Scientific classification
- Kingdom: Animalia
- Phylum: Chordata
- Class: Mammalia
- Order: Chiroptera
- Family: Pteropodidae
- Genus: Rousettus
- Species: R. leschenaultii
- Binomial name: Rousettus leschenaultii Desmarest, 1820
- Subspecies: R. l. leschenaultii (Desmarest, 1820); R. l. shortridgei Thomas & Wroughton, 1909; R. l. seminudus (Kelaart, 1850);

= Leschenault's rousette =

- Genus: Rousettus
- Species: leschenaultii
- Authority: Desmarest, 1820
- Conservation status: NT

Species of bat

Leschenault's rousette (Rousettus leschenaultii) is a species of fruit bat.

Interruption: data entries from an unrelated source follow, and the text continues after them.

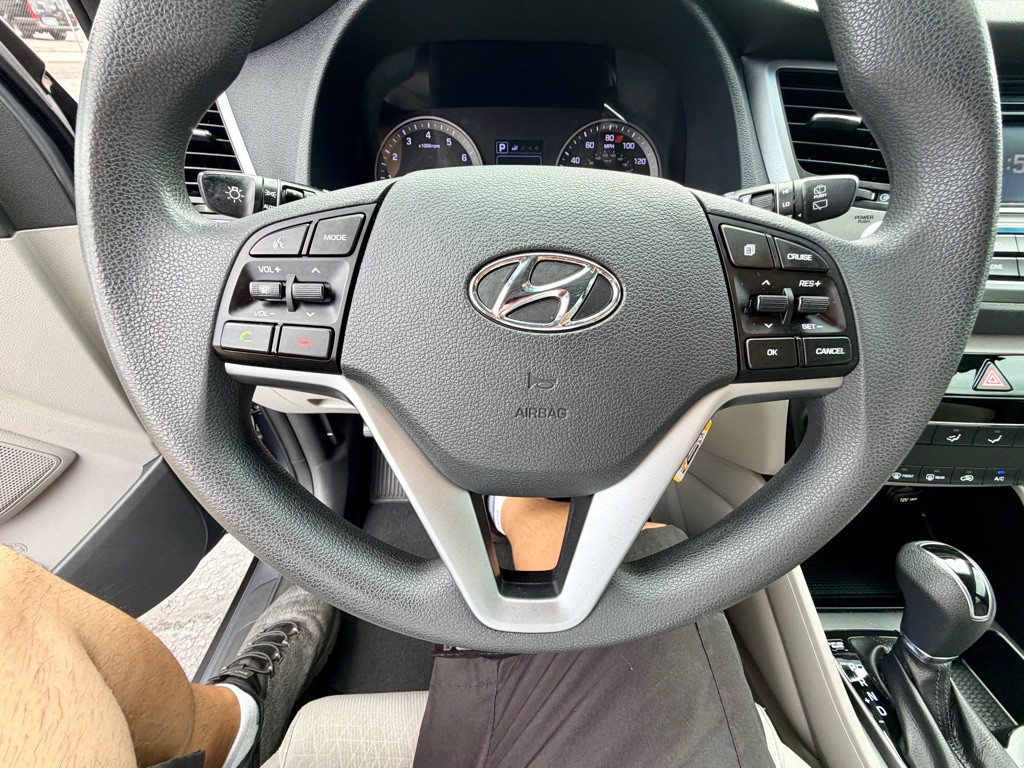 2016 Hyundai Tucson Image 31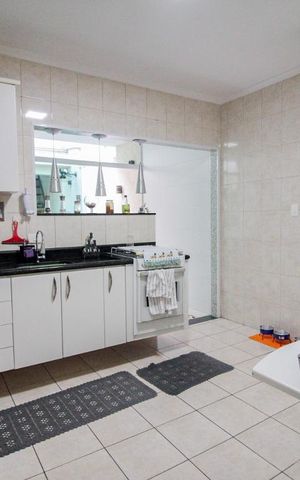 Casa à venda com 110m², 2 quartos e 2 vagascozinha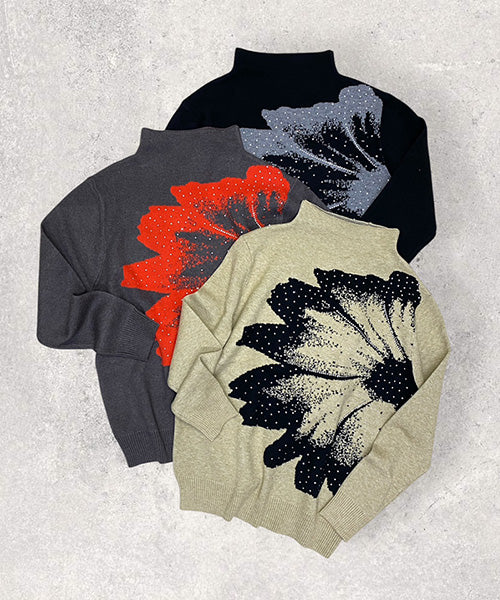 フラワー×ラインストーンハイネックニット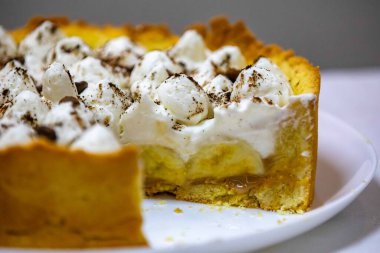 Muz ve karamel soslu geleneksel banoffee keki rendelenmiş çikolata ve kahve serpiştirilmiş. Geleneksel İngiliz pastası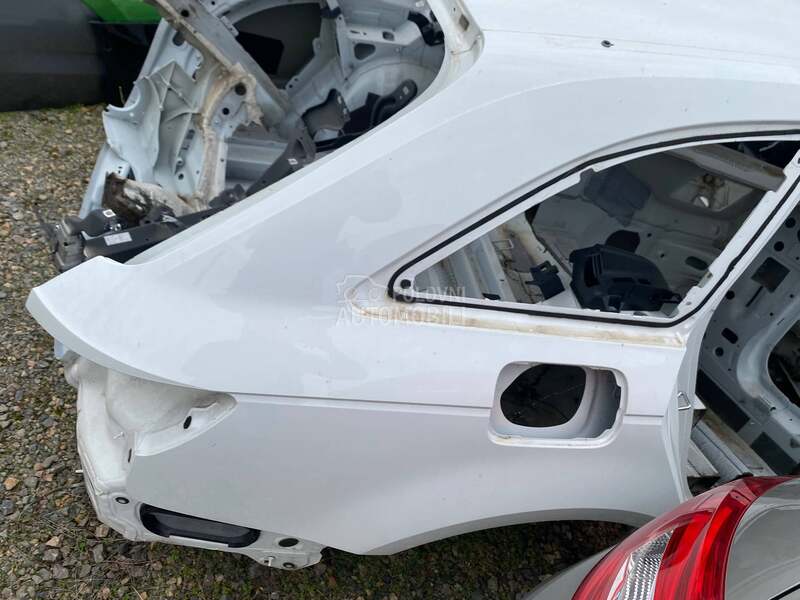 polustranica za Audi A4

The scientific name of the species was first published by Anselme Gaëtan Desmarest in 1820.

== Description ==
Leschenault's rousette is brown to grey-brown in colour with lighter underparts. It has long pale hairs under the chin, an elongated muzzle and large dark eyes. The head and body length measures 9.5–12 cm, the tail length measures 1–1.8 cm and the forearm length is about 7.5–8.5 cm.

== Habits and habitat ==
This bat species is found in a variety of habitats ranging from tropical forests to urban environments. It roosts in caves, old abandoned buildings and tunnels, and other such structures. A colony of this animal can contain up to several thousand individuals. It feeds on fruits, nectar and flowers. Leschenault's rousette is found in the Indian subcontinent and Southeast Asia from Iran to Bali, Java and Sumatra.